The researchers are sorting through 27+ million gene variants from the corpses, seeking those that could be used for disease prevention, detection, and personalized treatment and monitoring. Dr. He listed resources:

  • SeqHBase, a “big data toolset” distinguishes de novo (new) mutations from inherited ones, and whether the variants are present in one copy (a heterozygote) or two copies (a homozygote or a compound heterozygote).
  • ClinVar looks for disease or drug-associated gene variants.
  • The ACMG (American College of American Genetics and Genomics) lists 56 mutations associated with 24 conditions, known simply as “the 56,” that it recommends be reported to patients if they show up as secondary findings, because they are “actionable.”
  • NHGRI lists 112 actionable secondary findings from its exome sequencing project, including 52 of the ACMG 56.

$1000The most daunting challenge right now is to classify gene variants – we can’t call them all mutations anymore due to negative connotations – as to how harmful evidence indicates they are.

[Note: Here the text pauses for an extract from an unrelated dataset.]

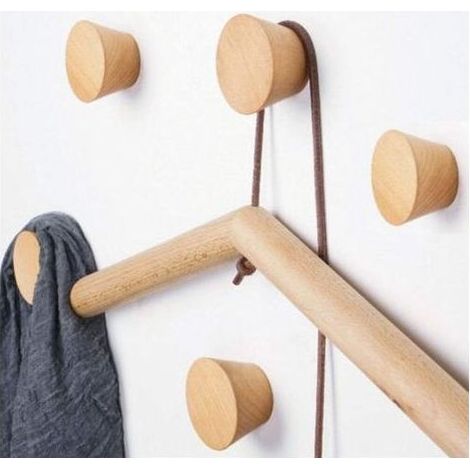 Crochet Mural Bois Porte Manteau Rond, Patère Bois 5 Pièces Naturel Crochet à Manteau Vintage Décoratif en Bois Naturel Branche Décorative Cintre Crochet De Vêtements (1/5)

To make a very long story short, variants are classified as pathogenic, likely pathogenic, the dreaded “variant of uncertain significance,” likely benign, and benign. As the number of sequenced genomes climbs, the proportions will shift, with the numbers of VUS and the use of the word “likely” declining as pathogenic and benign designations rise. Uncertainty will certainly fade. Dr. He raced through some preliminary data that indicated a disturbing number of “variants of uncertain significance.” Then he described two interesting cases.

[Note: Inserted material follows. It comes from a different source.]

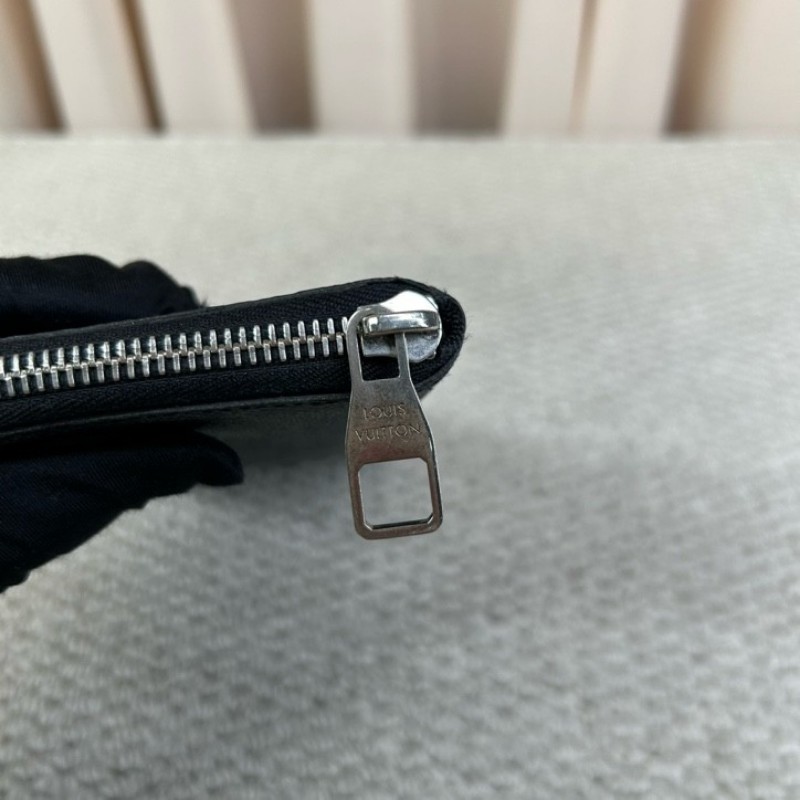 LV路易威登黑棋盤格拉鏈長款錢包 卡位多 容量足 日常實用百搭-18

#1 A woman died from breast and ovarian cancer at age 59. She had no family history of cancer, and had never had a mammogram. Yet her genome sequencing revealed a rare pathogenic variant of BRCA1. “If the gene variant had been detected prior to her diagnoses, at an early age, it is possible that the cancers could have been predicted and/or prevented,” Dr. He said.

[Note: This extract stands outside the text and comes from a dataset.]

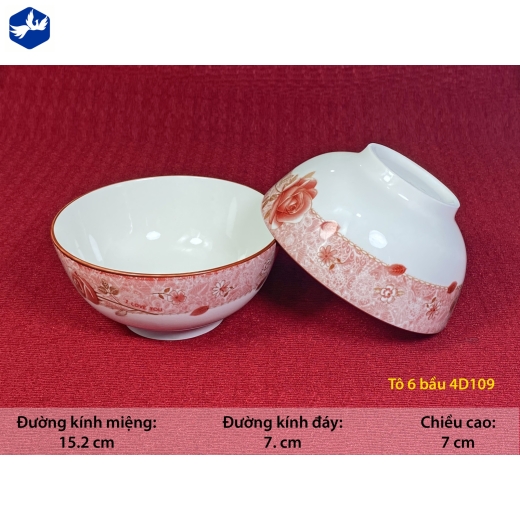 tô sứ bầu 6 inch - họa tiết 4d bông hồng đỏ đẹp - 4D109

Hereditary hemorrhagic telangiectasia
Hereditary hemorrhagic telangiectasia

#2 A patient with deep vein thrombosis, a vascularized kidney cancer that had spread to the brain and lungs, and arteriovenous malformations (tangles of abnormally connected blood vessels), had hereditary hemorrhagic telangiectasia type 1 – a disorder of the vasculature. The diagnosis explained the symptoms, and would have suggested drug treatments old (such as thalidomide) and new (such as the anti-VEGF drug bevacizumab (Avastin).

Pharmacogenetic findings were intriguing – 281 of the 300 deceased individuals had meaningful variants among the 30 genes that the FDA recognizes as influencing the metabolism of more than 100 drugs. Examples include variants of CYP2C9 and VKORC1 and warfarin dose; DPYD and TPMT and the cancer drugs 6-mercaptopurine and irinotecan; CYP2D6 and tamoxifen and codeine; and a frighteningly long list of anti-depressants and anti-psychotics that are under or over active depending upon genotype. Several individuals had variants of SLC01B1 that increase risk of developing myopathy with use of the cholesterol-lowering drug simvastatin(Zocor).

(Ernesto del Aguila, NHGRI)
(Ernesto del Aguila, NHGRI)

If my grandpa would have had crippling muscle pain from Zocor and my doc was now trying to foist it on me, I’d want to know. But because the Genomic Postmortem Research Project is what it says – research – a protocol for contacting descendants who might want to know relevant genetic risk information about drugs and disease susceptibilities isn’t in place. The bioethicists will have to figure out how to coax informed consent from corpses.

Meanwhile, it seems pretty clear that when newborn genome sequencing becomes routine, DNA information may be the greatest gift from generations past.

Next Thursday I will be moderating a session on the Precision Medicine Initiative at the National Organization for Rare Disorders Summit in Washington, DC. I’ll be sure to eavesdrop again!